PROVIDED MATERIAL START
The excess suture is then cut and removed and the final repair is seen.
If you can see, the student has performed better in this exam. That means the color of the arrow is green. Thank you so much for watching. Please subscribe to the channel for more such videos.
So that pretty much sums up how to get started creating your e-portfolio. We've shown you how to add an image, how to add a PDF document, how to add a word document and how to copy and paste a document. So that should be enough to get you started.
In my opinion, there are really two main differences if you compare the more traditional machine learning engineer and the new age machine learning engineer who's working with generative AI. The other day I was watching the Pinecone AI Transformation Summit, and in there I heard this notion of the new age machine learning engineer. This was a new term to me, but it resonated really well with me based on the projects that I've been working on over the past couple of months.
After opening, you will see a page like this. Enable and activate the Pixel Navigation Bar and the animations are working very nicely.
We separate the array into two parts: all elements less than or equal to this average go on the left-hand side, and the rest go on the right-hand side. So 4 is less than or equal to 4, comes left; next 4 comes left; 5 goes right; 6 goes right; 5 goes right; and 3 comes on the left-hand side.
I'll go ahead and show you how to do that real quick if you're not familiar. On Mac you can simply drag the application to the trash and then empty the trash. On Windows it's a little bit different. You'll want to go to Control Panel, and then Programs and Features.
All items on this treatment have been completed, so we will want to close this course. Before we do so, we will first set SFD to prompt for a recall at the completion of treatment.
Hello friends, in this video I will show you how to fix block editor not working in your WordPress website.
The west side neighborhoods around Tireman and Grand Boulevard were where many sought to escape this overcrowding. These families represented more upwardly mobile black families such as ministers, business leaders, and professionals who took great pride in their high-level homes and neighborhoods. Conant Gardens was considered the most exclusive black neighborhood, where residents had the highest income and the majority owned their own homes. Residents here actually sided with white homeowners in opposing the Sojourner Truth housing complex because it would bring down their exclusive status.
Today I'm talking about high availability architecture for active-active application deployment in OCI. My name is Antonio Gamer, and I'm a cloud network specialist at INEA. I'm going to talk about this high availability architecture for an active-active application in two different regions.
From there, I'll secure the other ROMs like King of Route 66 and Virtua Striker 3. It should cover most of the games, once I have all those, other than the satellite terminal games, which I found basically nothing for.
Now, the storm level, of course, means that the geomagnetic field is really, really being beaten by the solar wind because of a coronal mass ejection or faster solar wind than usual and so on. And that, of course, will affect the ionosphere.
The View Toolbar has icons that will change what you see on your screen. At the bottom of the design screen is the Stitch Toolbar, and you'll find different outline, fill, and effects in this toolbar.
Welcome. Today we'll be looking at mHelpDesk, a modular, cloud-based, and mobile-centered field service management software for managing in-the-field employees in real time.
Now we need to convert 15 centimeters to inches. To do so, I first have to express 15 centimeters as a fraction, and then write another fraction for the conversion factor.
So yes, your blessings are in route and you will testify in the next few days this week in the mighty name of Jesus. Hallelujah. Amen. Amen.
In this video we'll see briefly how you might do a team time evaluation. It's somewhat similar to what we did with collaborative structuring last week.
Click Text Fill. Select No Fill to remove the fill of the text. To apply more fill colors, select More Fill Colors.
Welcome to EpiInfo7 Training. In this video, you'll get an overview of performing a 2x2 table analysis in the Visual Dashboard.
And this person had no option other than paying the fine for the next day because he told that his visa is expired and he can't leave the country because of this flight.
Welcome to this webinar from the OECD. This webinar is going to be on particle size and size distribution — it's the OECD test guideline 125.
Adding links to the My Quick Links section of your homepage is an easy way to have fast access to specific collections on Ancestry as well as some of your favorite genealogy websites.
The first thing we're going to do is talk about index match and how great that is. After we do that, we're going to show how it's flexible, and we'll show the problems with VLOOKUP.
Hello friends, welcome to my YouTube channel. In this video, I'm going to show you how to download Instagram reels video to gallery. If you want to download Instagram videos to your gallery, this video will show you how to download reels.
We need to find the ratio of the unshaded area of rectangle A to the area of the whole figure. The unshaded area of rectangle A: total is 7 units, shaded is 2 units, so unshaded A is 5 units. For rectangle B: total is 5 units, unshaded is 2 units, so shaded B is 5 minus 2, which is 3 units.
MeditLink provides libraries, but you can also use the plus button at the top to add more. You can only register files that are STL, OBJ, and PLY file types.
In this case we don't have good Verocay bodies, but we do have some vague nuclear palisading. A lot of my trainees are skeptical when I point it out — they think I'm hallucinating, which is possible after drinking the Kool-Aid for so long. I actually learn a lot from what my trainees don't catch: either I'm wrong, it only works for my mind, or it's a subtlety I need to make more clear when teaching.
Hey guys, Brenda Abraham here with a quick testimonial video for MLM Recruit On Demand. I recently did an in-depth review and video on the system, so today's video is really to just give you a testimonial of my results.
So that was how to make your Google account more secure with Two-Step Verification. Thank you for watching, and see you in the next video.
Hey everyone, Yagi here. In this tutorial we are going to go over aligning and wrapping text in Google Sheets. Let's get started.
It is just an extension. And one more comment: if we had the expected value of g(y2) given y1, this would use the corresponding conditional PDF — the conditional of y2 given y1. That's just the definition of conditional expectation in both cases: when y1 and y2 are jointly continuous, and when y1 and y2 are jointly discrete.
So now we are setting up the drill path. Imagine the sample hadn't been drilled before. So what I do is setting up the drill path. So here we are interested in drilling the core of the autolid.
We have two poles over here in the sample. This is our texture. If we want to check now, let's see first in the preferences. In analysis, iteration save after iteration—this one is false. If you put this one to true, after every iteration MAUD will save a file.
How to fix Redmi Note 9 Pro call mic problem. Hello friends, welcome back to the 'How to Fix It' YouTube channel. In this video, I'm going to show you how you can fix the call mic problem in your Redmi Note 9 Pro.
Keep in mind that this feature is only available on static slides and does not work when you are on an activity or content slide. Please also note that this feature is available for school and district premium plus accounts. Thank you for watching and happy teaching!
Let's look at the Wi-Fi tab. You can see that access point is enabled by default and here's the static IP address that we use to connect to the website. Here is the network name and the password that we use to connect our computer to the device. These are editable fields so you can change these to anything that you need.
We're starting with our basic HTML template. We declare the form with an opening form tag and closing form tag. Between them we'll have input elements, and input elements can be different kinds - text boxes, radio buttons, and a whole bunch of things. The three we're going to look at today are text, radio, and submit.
PROVIDED MATERIAL END
**EXERCISE DIRECTIONS**
Your answer must consist only of the lines from the start of the records above through the line with "So that pretty", each retyped exactly.

**YOUR SOLUTION**
The excess suture is then cut and removed and the final repair is seen.
If you can see, the student has performed better in this exam. That means the color of the arrow is green. Thank you so much for watching. Please subscribe to the channel for more such videos.
So that pretty much sums up how to get started creating your e-portfolio. We've shown you how to add an image, how to add a PDF document, how to add a word document and how to copy and paste a document. So that should be enough to get you started.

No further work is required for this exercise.